Exercise requirements
Find the line containing "El gobernador Alfredo". Retype it and every later line of the records exactly, leaving out pictures.

Given records
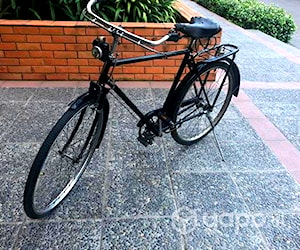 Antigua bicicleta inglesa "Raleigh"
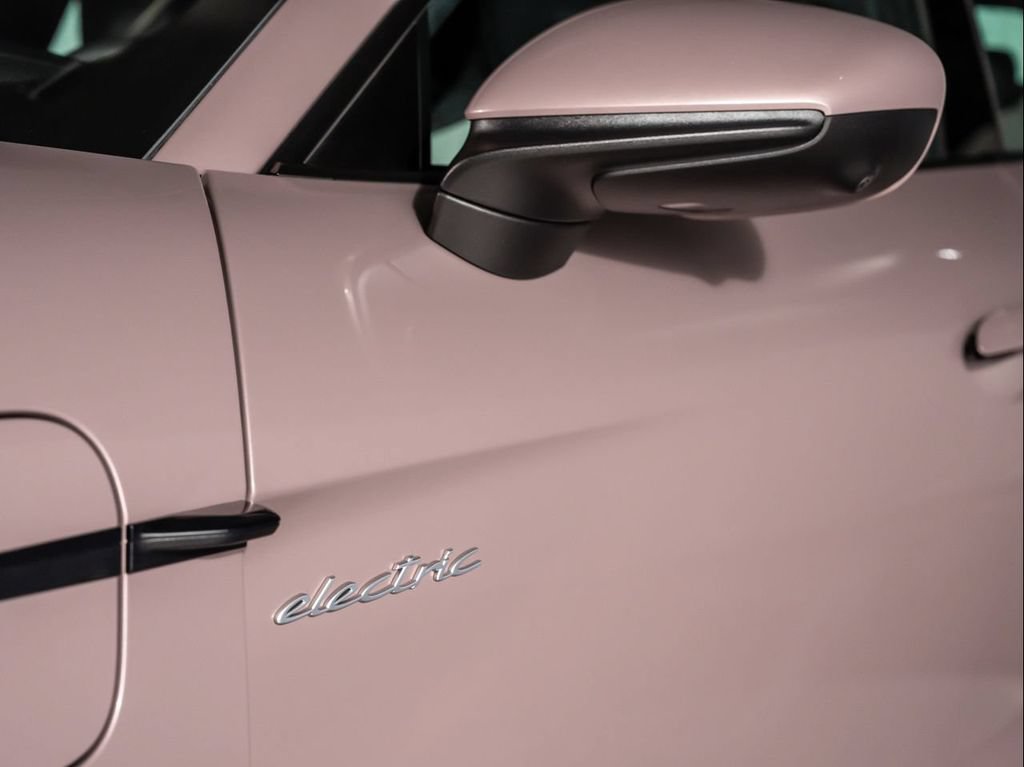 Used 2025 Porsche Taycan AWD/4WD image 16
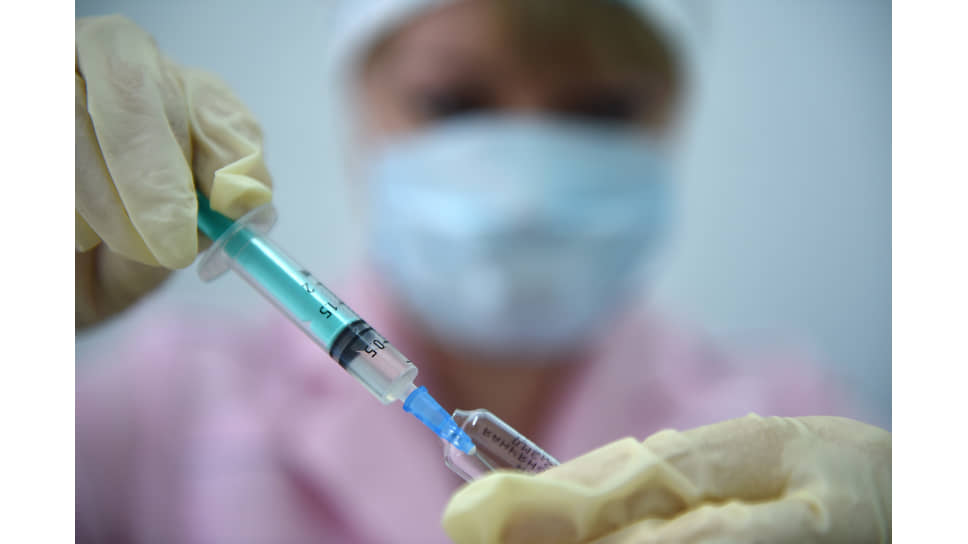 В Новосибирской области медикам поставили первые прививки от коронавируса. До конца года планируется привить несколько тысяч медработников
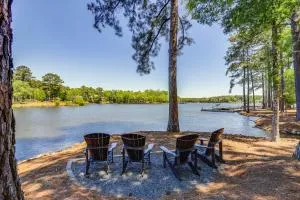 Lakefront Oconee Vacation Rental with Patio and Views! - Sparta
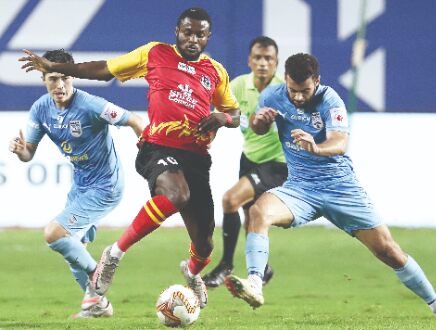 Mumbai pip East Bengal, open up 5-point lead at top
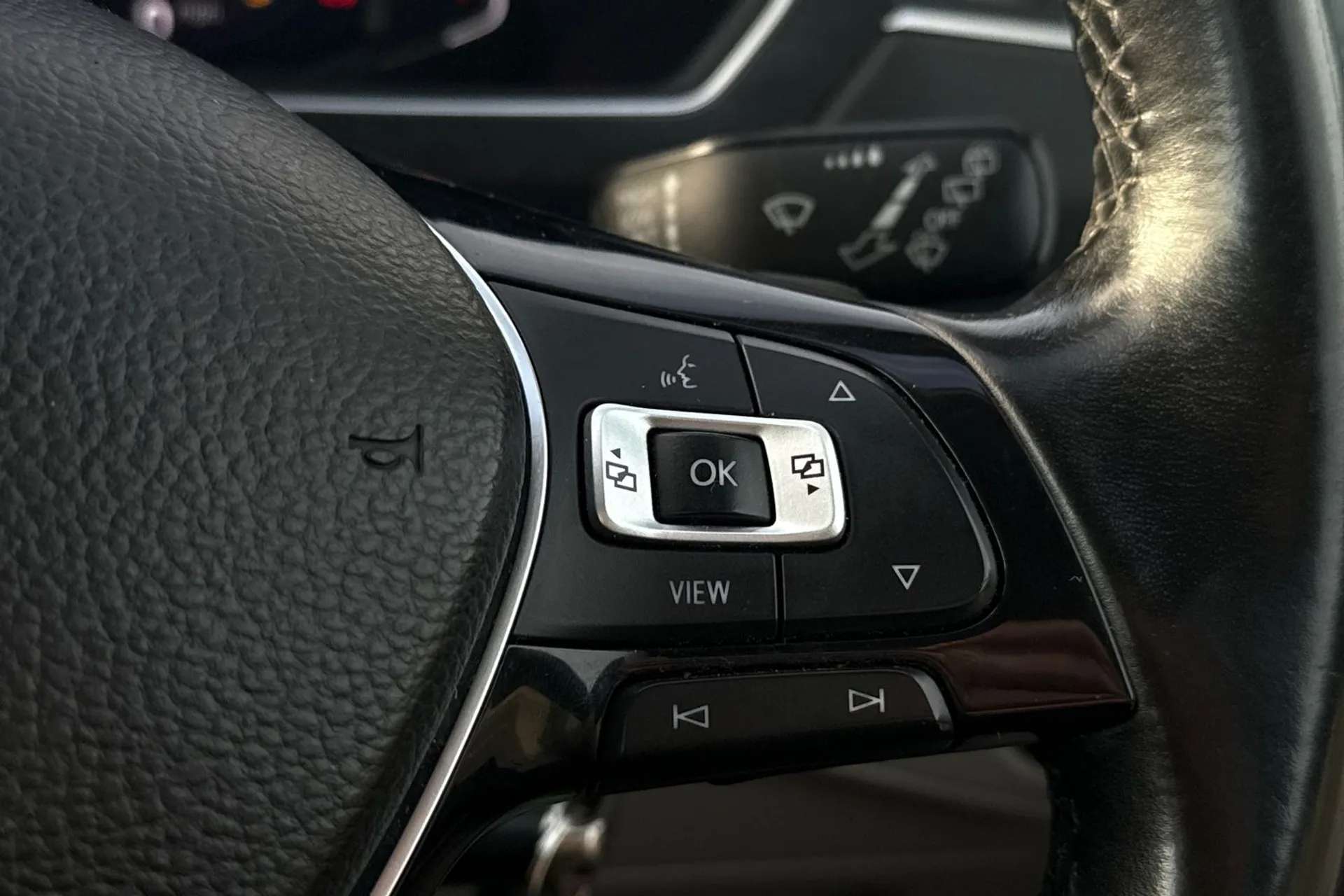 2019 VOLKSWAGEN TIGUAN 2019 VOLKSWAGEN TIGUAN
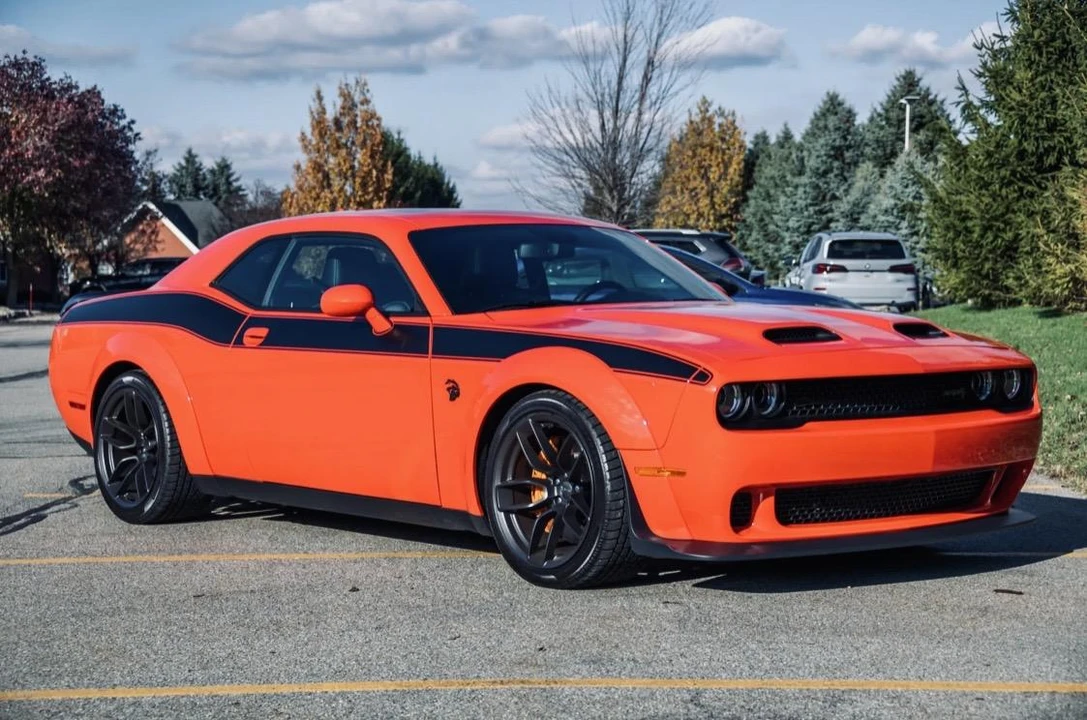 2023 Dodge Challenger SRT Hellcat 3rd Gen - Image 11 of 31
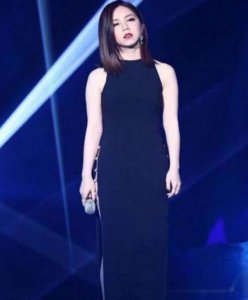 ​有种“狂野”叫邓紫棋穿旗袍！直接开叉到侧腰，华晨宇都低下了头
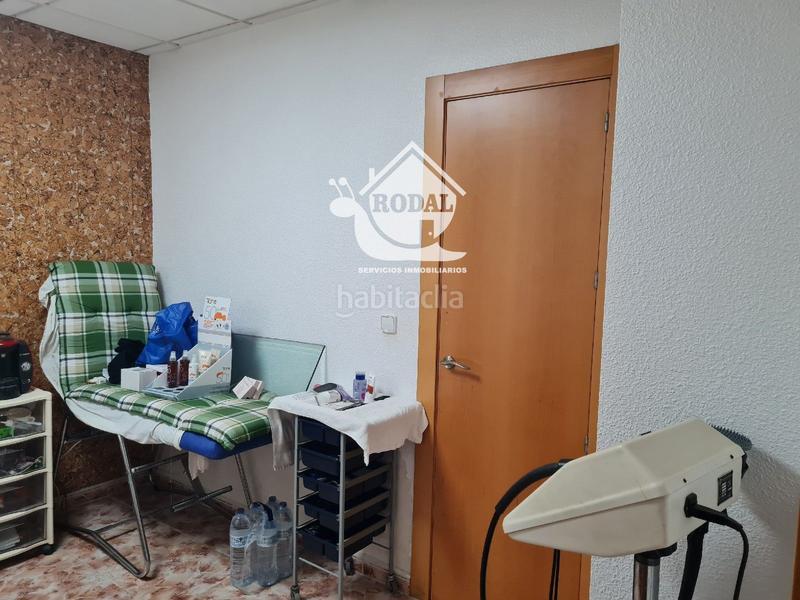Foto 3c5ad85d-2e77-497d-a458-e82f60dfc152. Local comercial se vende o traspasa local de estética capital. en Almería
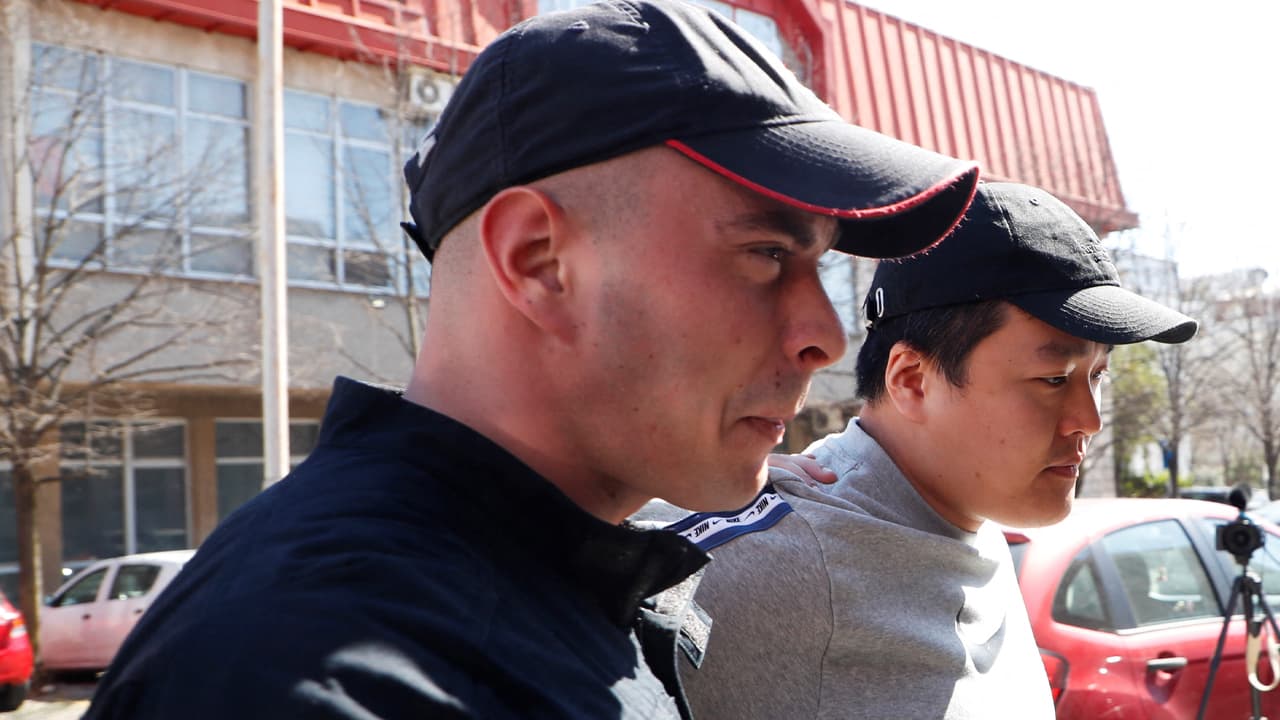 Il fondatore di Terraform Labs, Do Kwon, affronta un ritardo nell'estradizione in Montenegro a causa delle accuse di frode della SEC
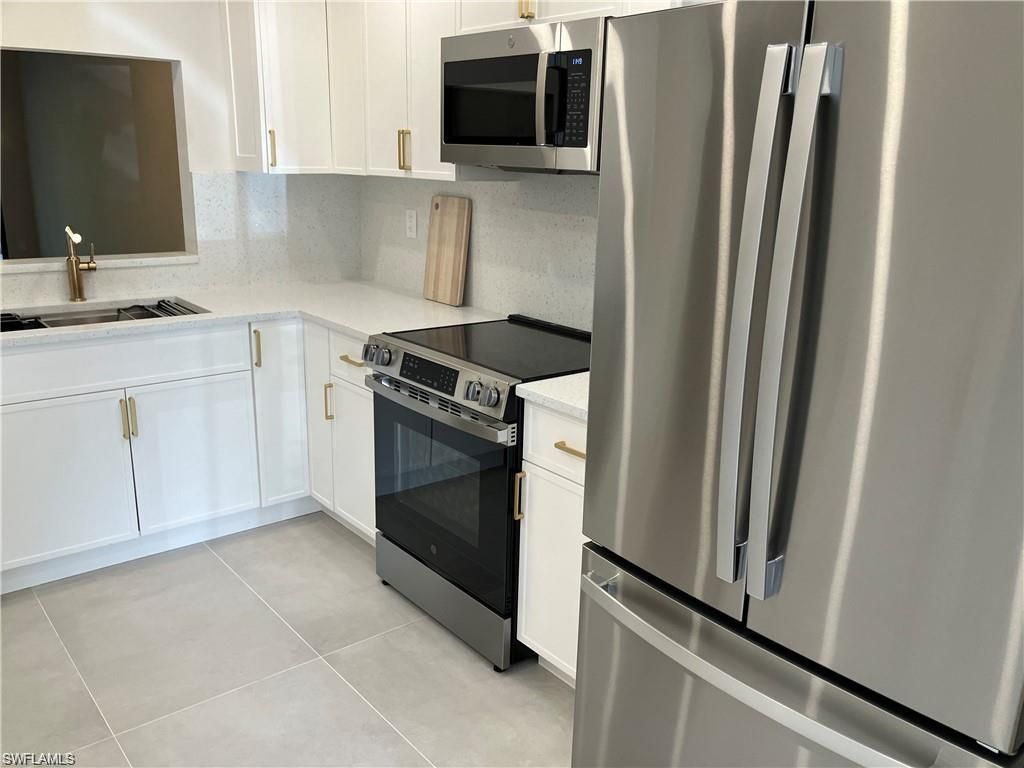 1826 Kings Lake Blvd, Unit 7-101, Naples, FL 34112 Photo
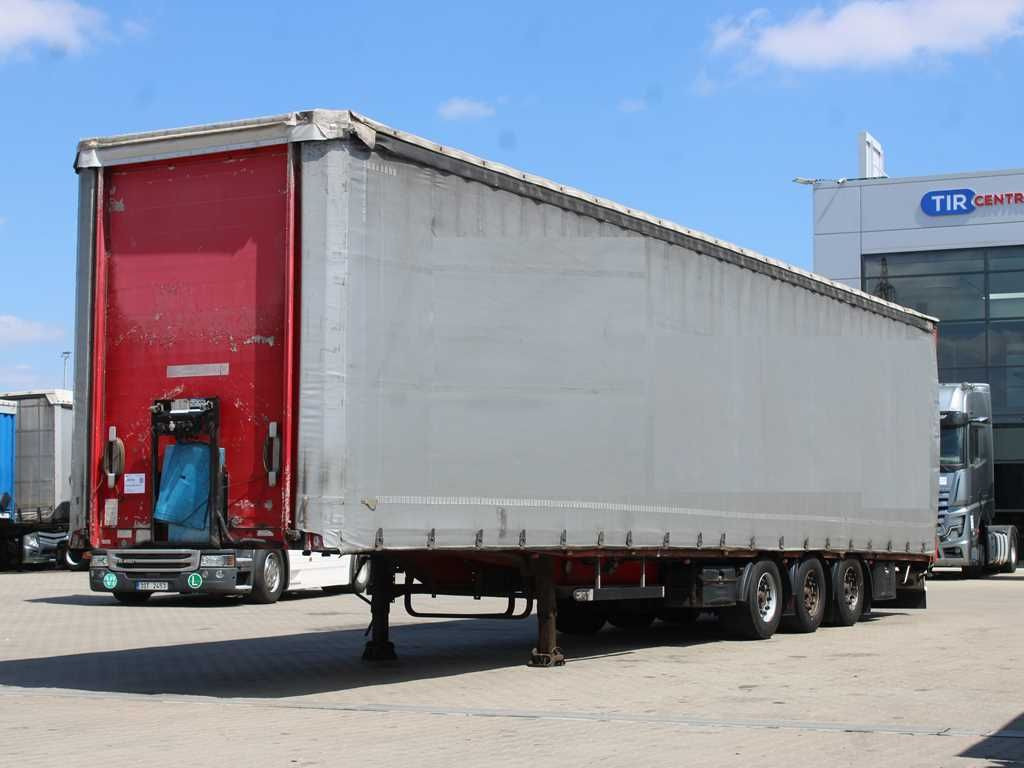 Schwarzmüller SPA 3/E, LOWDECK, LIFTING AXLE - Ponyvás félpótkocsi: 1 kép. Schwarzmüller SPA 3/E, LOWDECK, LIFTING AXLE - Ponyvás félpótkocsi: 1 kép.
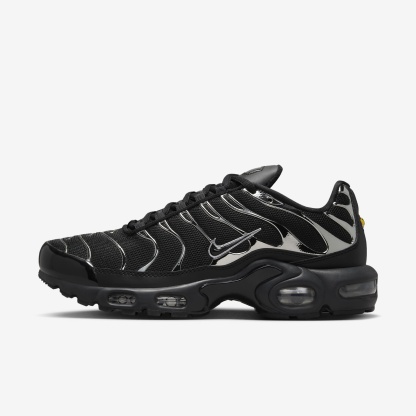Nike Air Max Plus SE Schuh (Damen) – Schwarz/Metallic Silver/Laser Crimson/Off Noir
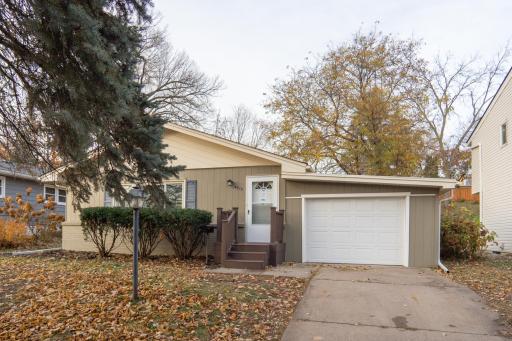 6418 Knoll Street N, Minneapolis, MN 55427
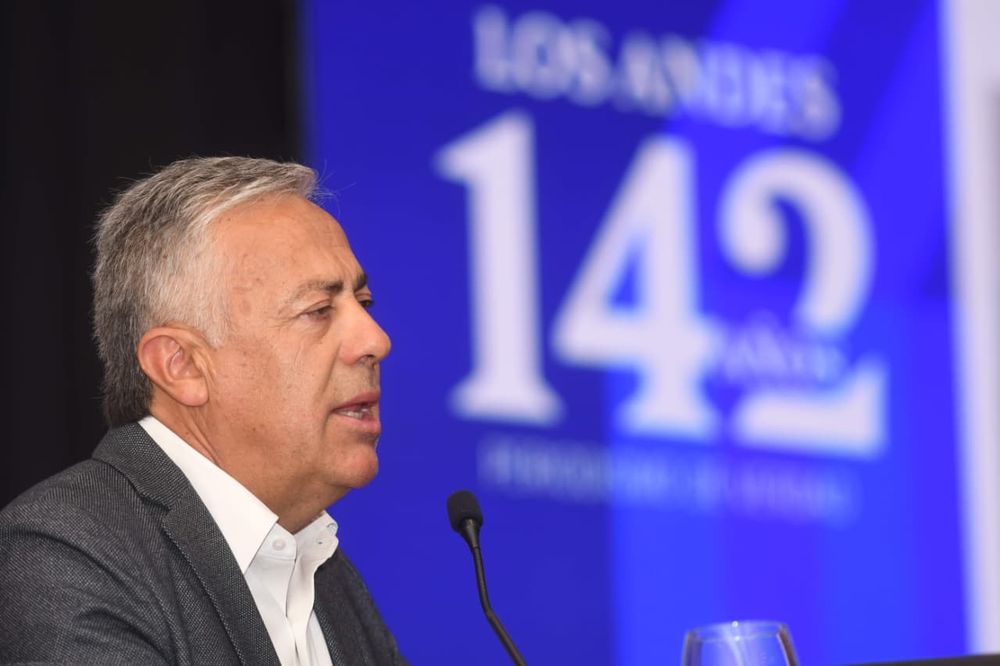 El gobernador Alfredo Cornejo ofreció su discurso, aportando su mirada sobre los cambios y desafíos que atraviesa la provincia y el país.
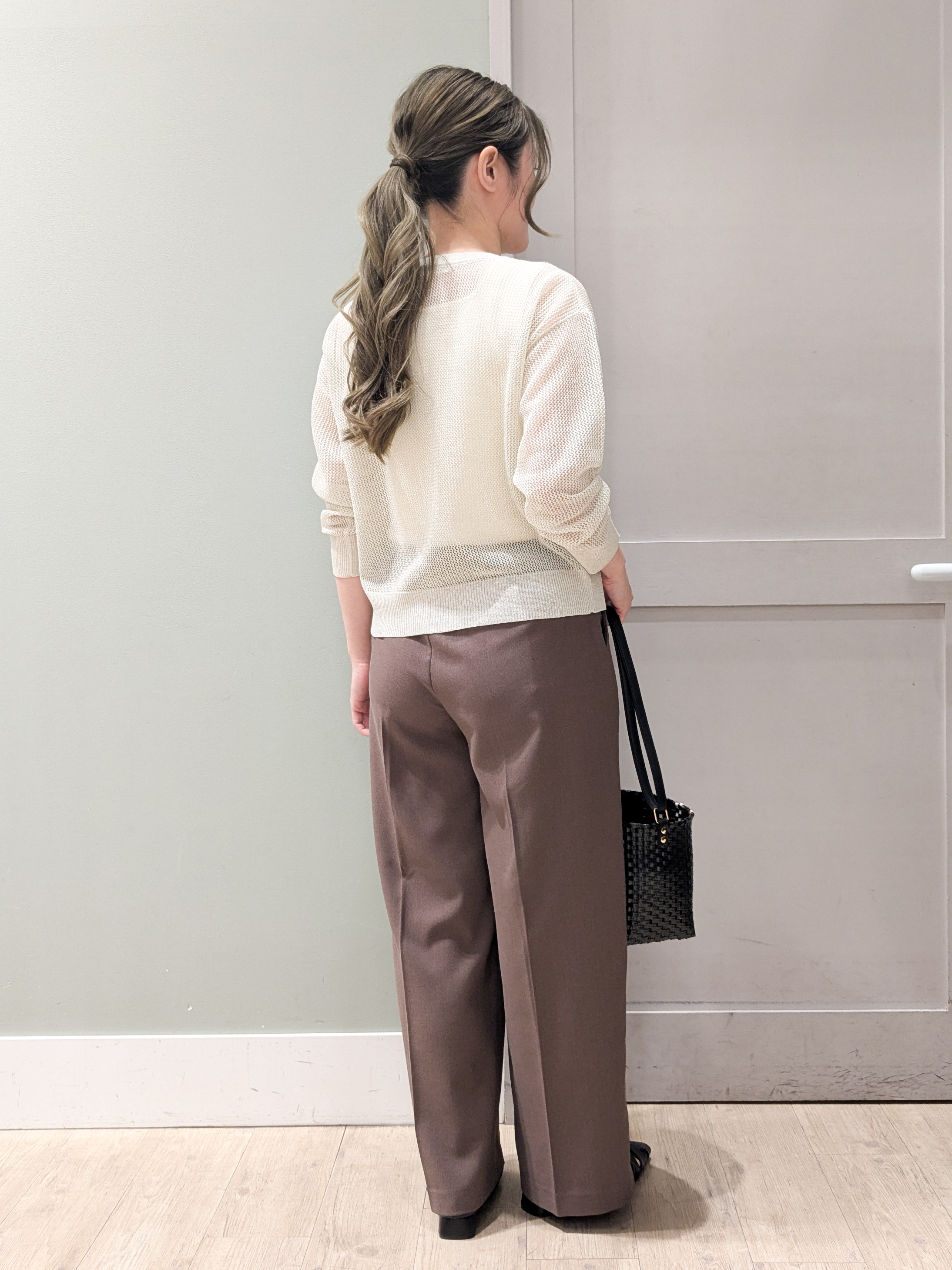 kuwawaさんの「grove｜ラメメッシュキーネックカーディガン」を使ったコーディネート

Reply
 El gobernador Alfredo Cornejo ofreció su discurso, aportando su mirada sobre los cambios y desafíos que atraviesa la provincia y el país.
 kuwawaさんの「grove｜ラメメッシュキーネックカーディガン」を使ったコーディネート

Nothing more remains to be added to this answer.